Australia can weather a slump in mining investment as low interest rates and infrastructure spending spur other industries, while Japan could return as the nation’s biggest trading partner, economist John Edwards said.
Replacing 2 percent to 3 percent of gross domestic product with non-mining sources of growth over five to six years will be “onerous but not difficult,” the Reserve Bank of Australia board member wrote in a paper for the Lowy Institute titled “Beyond the Boom.” A lower Aussie would also help, he said.
The assessment is in part a rejoinder to debate on the economy that’s often based on a false premise of failure, Edwards said, with pessimism reflecting an historic reliance on drought-prone farm output.
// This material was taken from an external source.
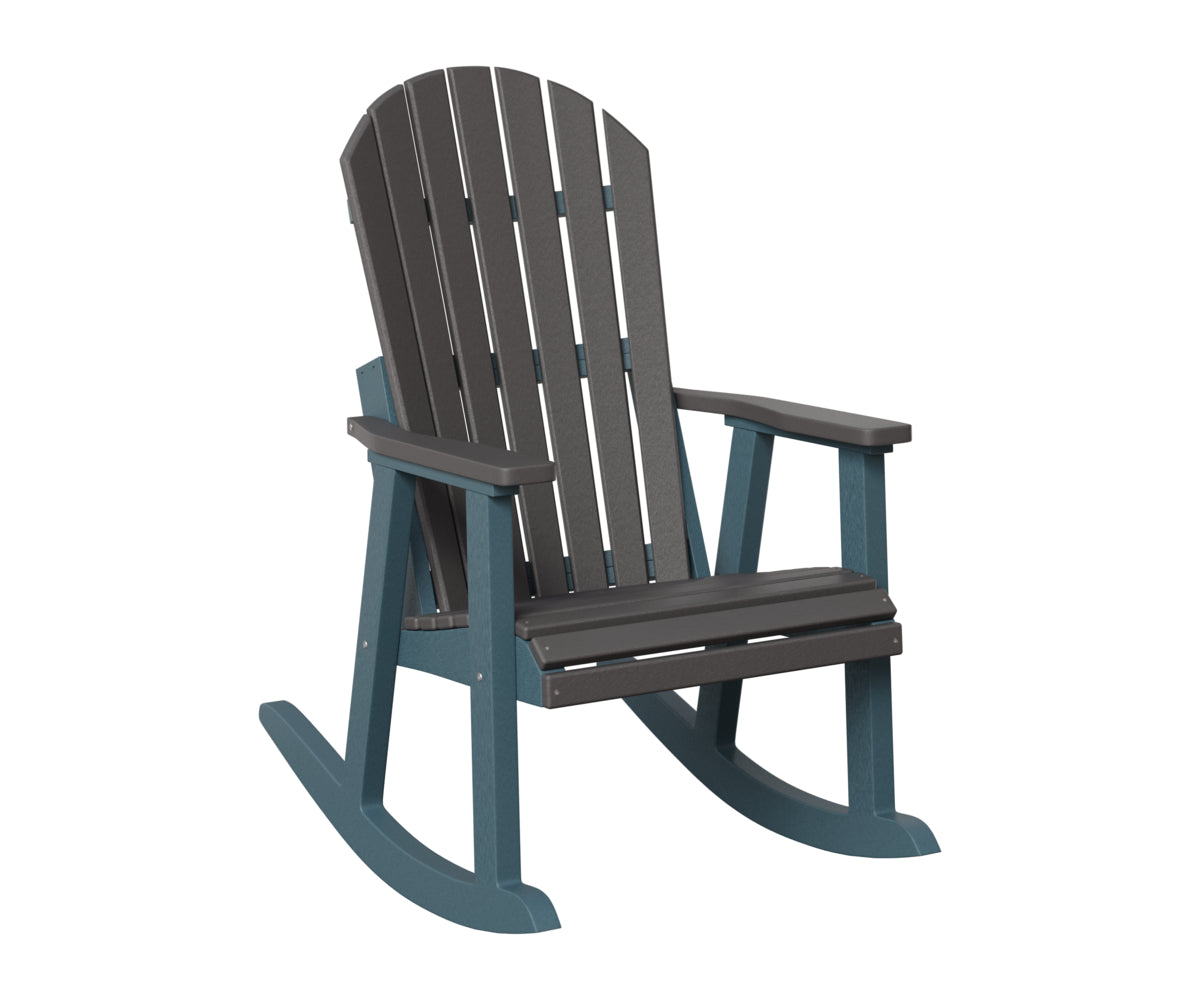 Comfo-Back Rocker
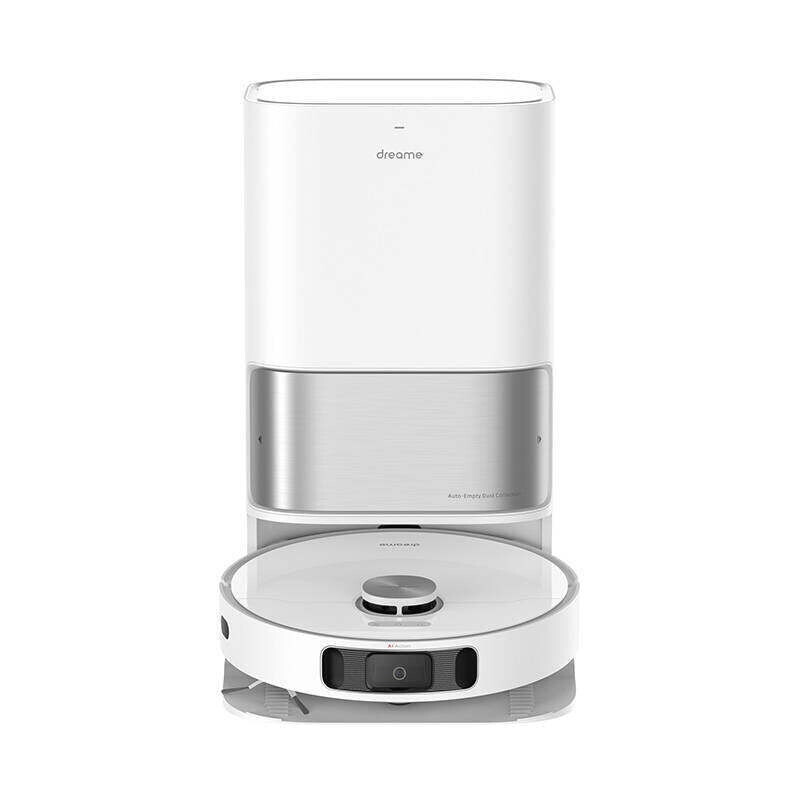 Dreame L10s Pro Ultra Robot Vacuum Cleaner (white)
Extension of Australia’s economic expansion, which began before the fall of the Soviet Union, will depend on individuals and businesses in areas like services discovering how to tap opportunities in Asia, he said.
“In half a century of increased trade with Japan and then Korea, Australia has been unable to substantially expand its exports beyond raw materials,” Edwards said. “The emergence of an Asian economic community based around China now offers Australia a second chance.”
Edwards rebuffs assessments that Australians squandered the latest mining boom, saying they saved much of the windfall from higher commodity prices and mining spending only added 3 percent to real gross domestic product anyway. The non-resident fellow at Lowy said the GDP gain had been “big, but as a change over eight years it is not that big.”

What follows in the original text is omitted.